If your loved one needs ongoing medical care that doesn’t warrant hospitalization, a skilled nursing facility is often a good alternative. Skilled nursing provides around-the-clock care that must be performed by licensed health professionals. Skilled nursing may be short-term or long-term, depending on your loved one’s condition and prognosis. For example, a parent who is recovering from a hospital stay due to surgery or an illness may rely on a skilled nursing community until they return to a baseline level of independence. Conversely, if your loved one has a chronic medical condition like diabetes or congestive heart failure that requires close monitoring, skilled nursing may be a longer-term solution. Within a skilled nursing community, residents receive ongoing medical care along with any assistance they need completing activities of daily living like bathing, grooming and eating.

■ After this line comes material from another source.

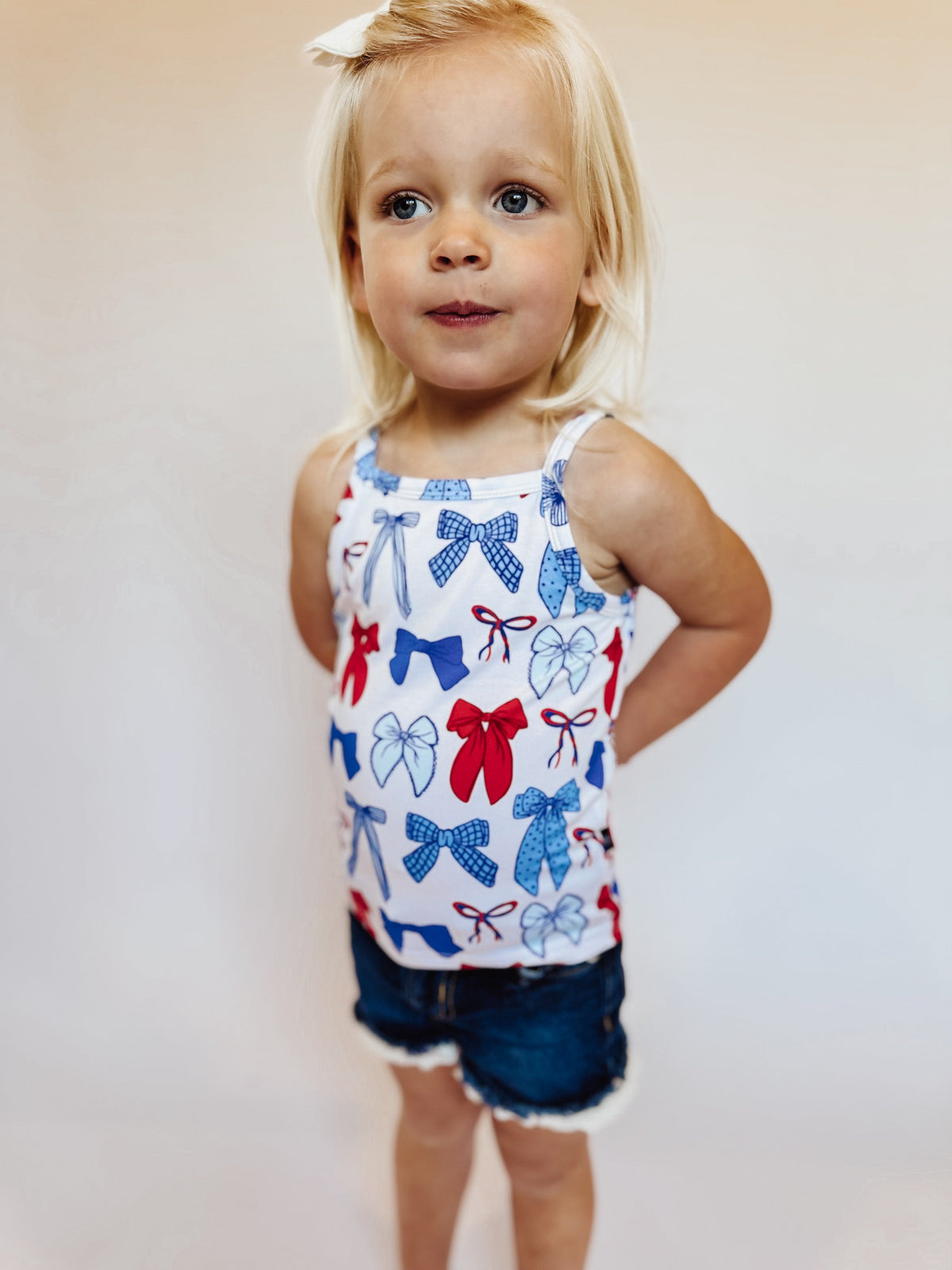Tank Top: Tied & True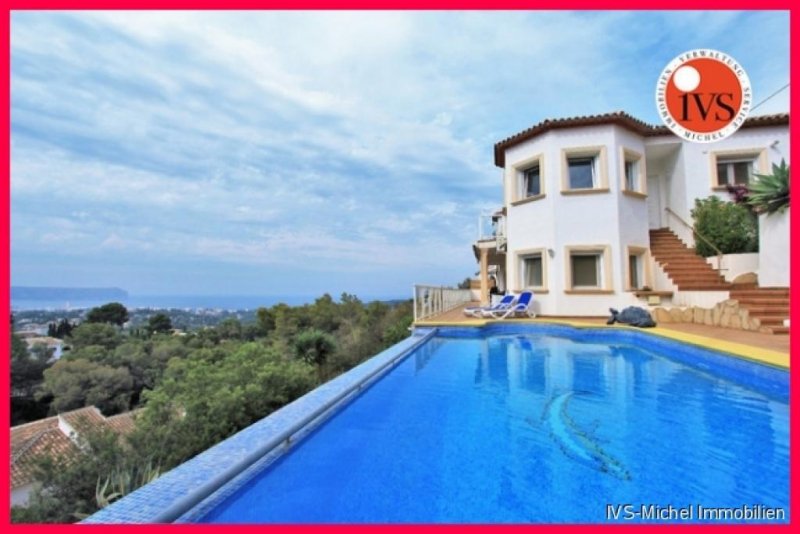 Jávea Villa mit beeindruckendem MEERBLICK sowie auf den Montgo mit 4 Schlafz., COSTA NOVA · Javea Haus kaufen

If your loved one’s care plan calls for therapy, they can also access those services, along with medication and pain management. Recognizing that physical health is just one aspect of wellness, many skilled nursing communities (including Lake Port Square) encourage residents to participate in activities that foster socialization and encourage them to remain active and engaged. Activities are generally adapted as needed to match residents’ personal abilities and interests.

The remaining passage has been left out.